Children and Family Court Advisory and Support Service chief executive Anthony Douglas has taken personal charge of a programme to turn around significant financial and performance problems in its London region.
Until next March, he will spend one day a week seeking to tackle massive backlogs in allocating public law cases and save £1m from its budget.
Douglas said the situation was his “biggest challenge” of 2006-7, though not critical; but internal documents seen by Community Care show the huge scale of the problem.
London overspent in 2005-6 by an estimated £1.8 million, representing 14 per cent of its budget and compared with a national overspend of less than £200,000 (0.2 per cent).
The region’s performance in public law was also disappointing.

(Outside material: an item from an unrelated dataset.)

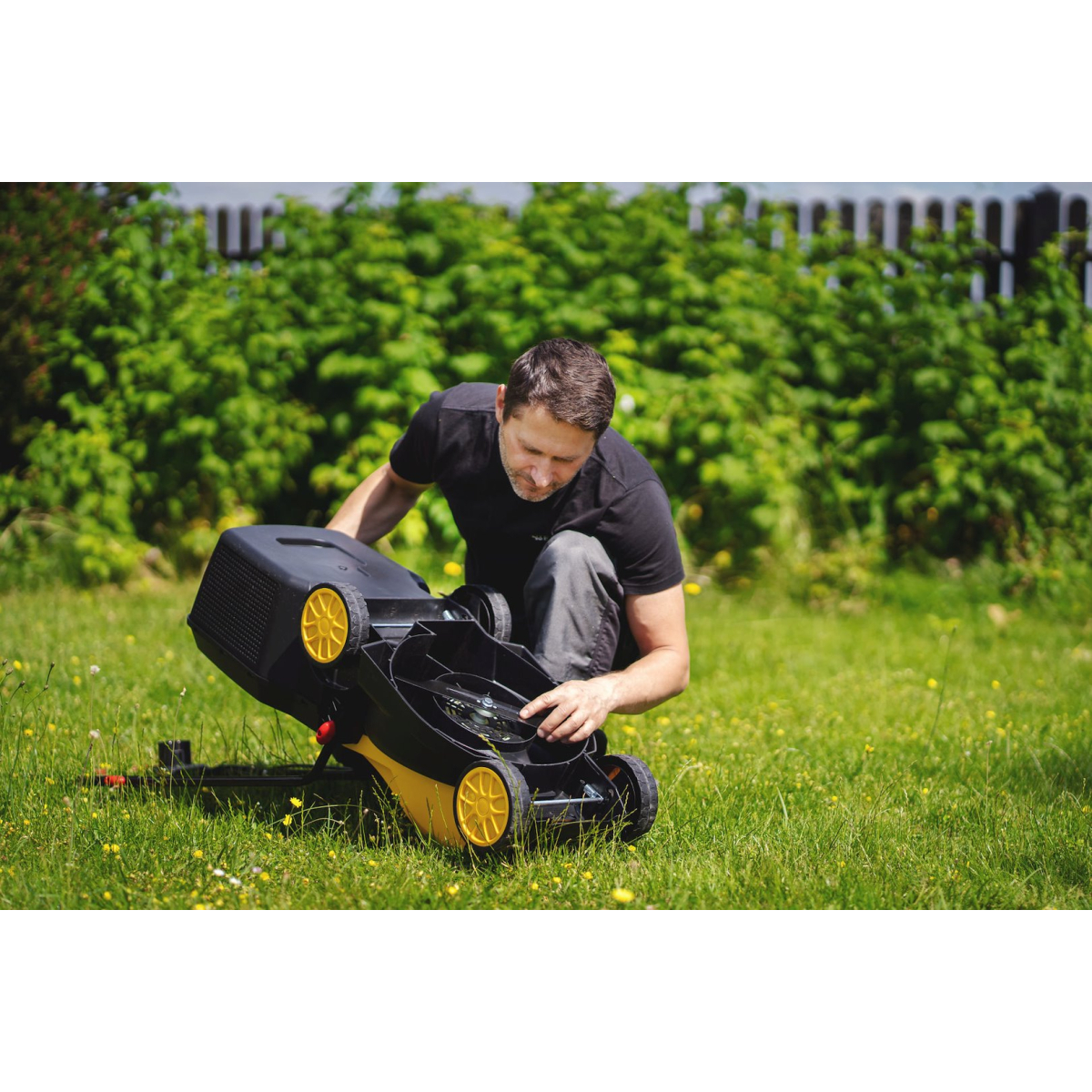 GEKO G83026 - Elektrická kosačka na trávu, 1200W, 32 cm Náhľad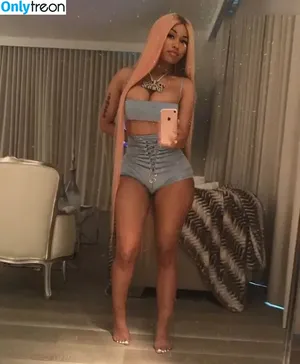 Nicki Minaj / nickiminaj nude photo #0746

Only 15.2 per cent of cases were allocated within two days in London between April 2005 and February 2006, compared with 49.5 per cent nationally and a government target of 70 per cent.
Under the Every Day Matters professional strategy, published last October, Douglas is committed to eliminating delays in public law by April 2007.
Some of the causes of London’s problems are external to Cafcass.
Public law demand rose by 19.9 per cent in London, compared with 1.2 per cent nationally, while demand for complex rule 9.5 private law cases rose by 56.9 per cent, despite falling nationally by 3.9 per cent.
Douglas also said Cafcass faced particular pressures from the judiciary in London, including delays in court listings.